Description of the task:
Give again, word for word, each line of the data from the first through the one containing "This is a brand". Pictures stay out.

Collected data:
· · · · · · ·

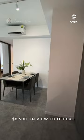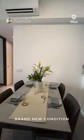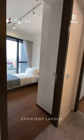In this brand new house, there will be no damage left behind by previous occupants. Because of its efficient layout, this house appears to be a larger space.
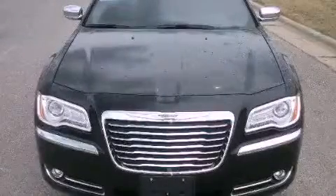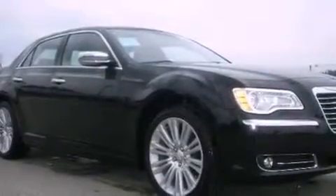This is a brand new 2011 Chrysler 300, a luxurious package designed with the finest elements in mind.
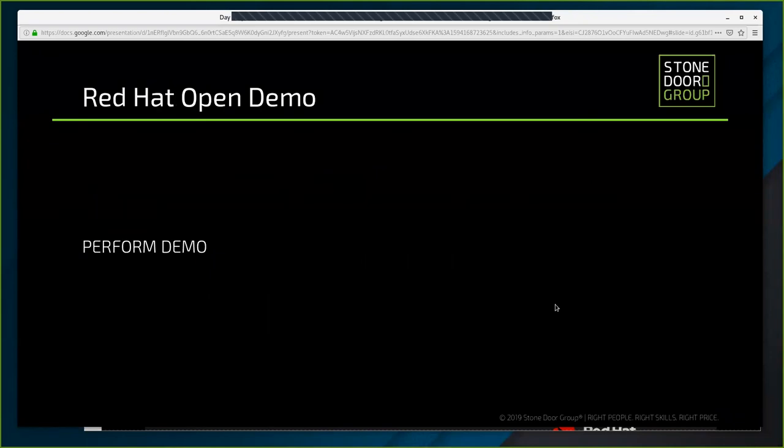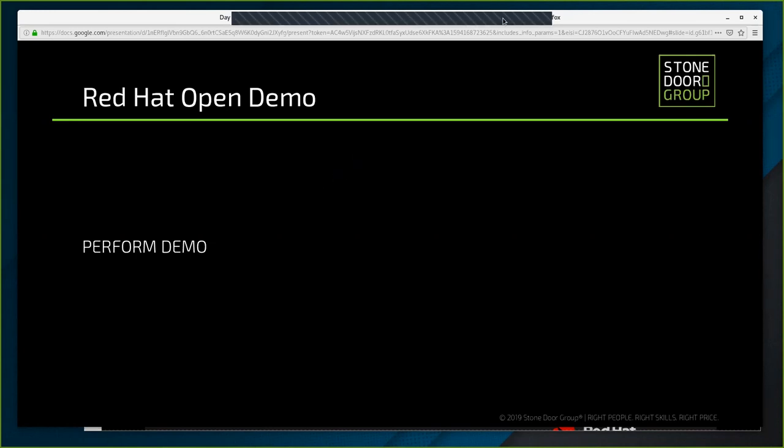Now we're going to continue with the demonstration and get into the hands-on lab. You should have received your credentials to access the optional hands-on lab. The lab guide should be posted in the chat session as well. If you have any questions, submit them through the Q&A feature. It looks like we do have a few questions, so I want to get to those before we jump into the lab.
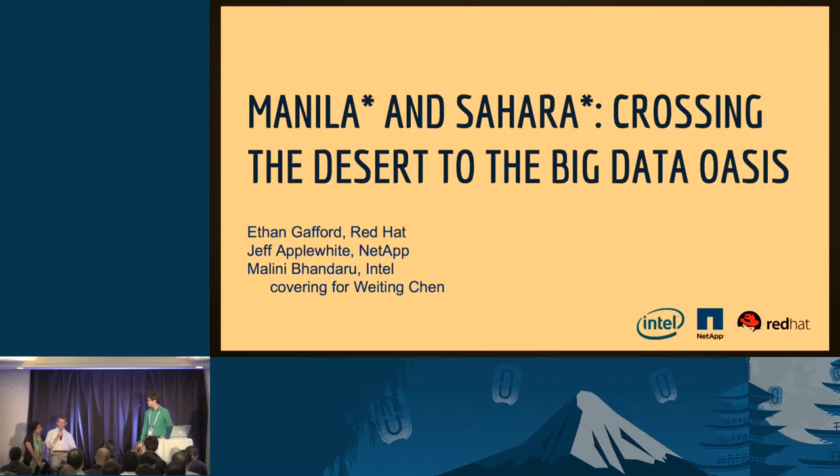Hi, I'm Jeff Applewhite. I'm a technical marketing engineer at NetApp and here to talk about Manila. Hi, I'm Malni Bandaru from Intel. I'm covering for Weiting Chen and we hope you enjoy this session.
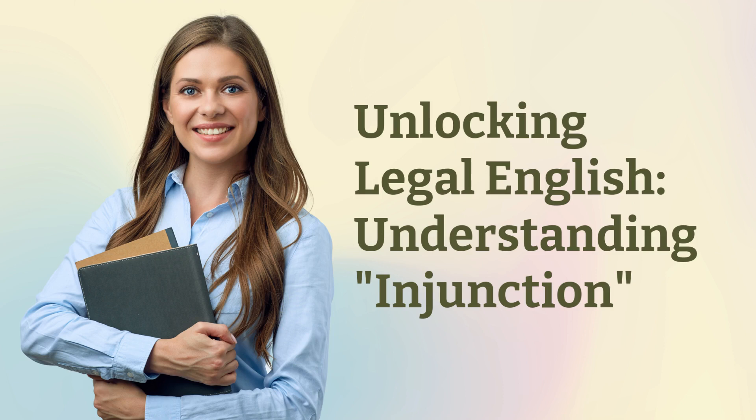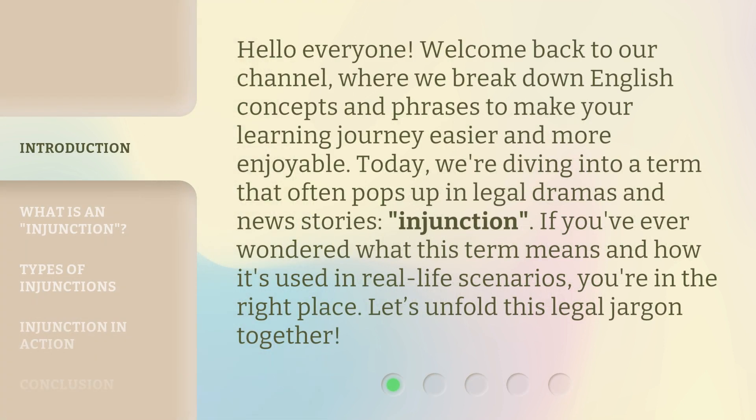Unlocking Legal English: Understanding Injunction. Hello everyone, welcome back to our channel, where we break down English concepts and phrases to make your learning journey easier and more enjoyable. Today, we're diving into a term that often pops up in legal dramas and news stories: injunction. If you've ever wondered what this term means and how it's used in real life scenarios, you're in the right place. Let's unfold this legal jargon together.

· · · · · · ·

The answer:
In this brand new house, there will be no damage left behind by previous occupants. Because of its efficient layout, this house appears to be a larger space.
This is a brand new 2011 Chrysler 300, a luxurious package designed with the finest elements in mind.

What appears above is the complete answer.